Саблин считал, чти искру бунта зажгла Лейла, но не осмелился что-либо против нее предпринять — Александр Павлович стал суеверен и, наверное, надолго запомнит колдунью.
Ранним утром арестованных привели в зал, где на одном столе под образами покоилась Хрущова, а на другом, поставленном посредине, лежали деньги, десяток яблоков, новый шелковый платок и три пары лозовых розог.
Вид гроба, по расчету Саблина, должен был пробудить в бунтовщиках совесть, розги — ужас, а соблазнительные подарки — поощрить к предательству.
Прибывший с военной командой чиновник казенной палаты приступил к следствию в присутствии генерала Саблина. Следователь указал на стол:
— Тот, кто укажет нам главного бунтовщика, получит вот эти деньги и подарки, если же вы не выдадите его, то мы всех вас поголовно пересечем.
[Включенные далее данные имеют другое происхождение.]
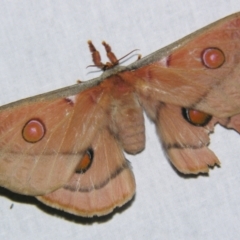 Opodiphthera eucalypti at Sheldon, QLD - suppressed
Ни гроб с покойницей, ни подарки не оказали действии. Арестованные, угрюмо потупясь, дружно молчали. Тогда Саблин измыслил другое.
— Дайте нам, — сказал он, — одного умного человека, чтобы нам поговорить с ним, чем же вы недовольны.
— Это вот дело! — ответили из толпы. — Гузно, выходи-кось. Ты вечор ладно с царем разговаривал… Он у нас, ваше высокое превосходительство, говорок!
— А что-ж и пойду! — ответит Гузно, выходя к столу. — Спрашивайте, о чем хотите.
Вид гроба должен был пробудить совесть, розги — ужас, а подарки — поощрить к предательству.
Старика увели. Следователь и Саблин ушли его допрашивать. Через несколько времени Саблин вернулся к арестованным и говорит:
— Дайте мне еще одного. Этот бестолков.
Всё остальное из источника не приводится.